Records shown ->
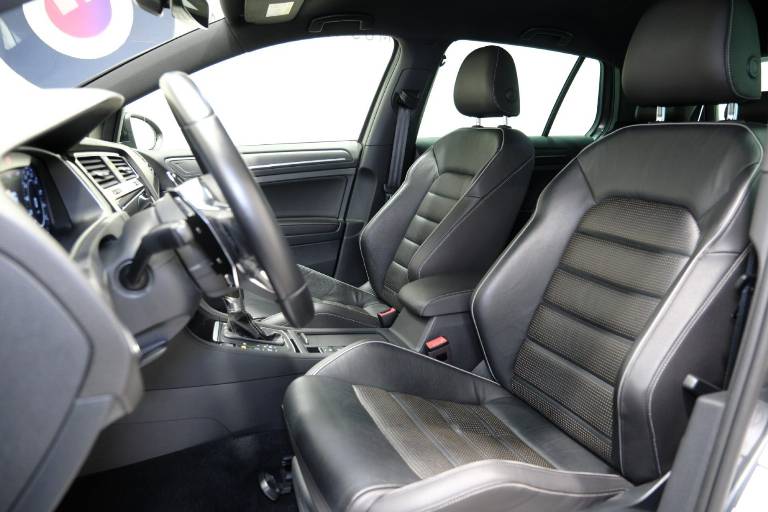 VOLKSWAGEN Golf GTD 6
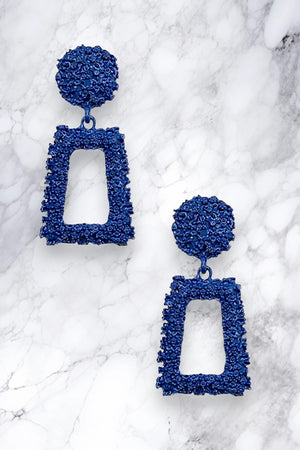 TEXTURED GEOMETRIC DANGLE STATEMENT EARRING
* * *
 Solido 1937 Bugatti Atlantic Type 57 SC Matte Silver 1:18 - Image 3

What you should do -> Restate the lines above from the one containing "VOLKSWAGEN Golf GTD 6" through the one containing "TEXTURED GEOMETRIC DANGLE STATEMENT EARRING", inclusive, exactly and without pictures.

Solution to this problem ->
 VOLKSWAGEN Golf GTD 6
 TEXTURED GEOMETRIC DANGLE STATEMENT EARRING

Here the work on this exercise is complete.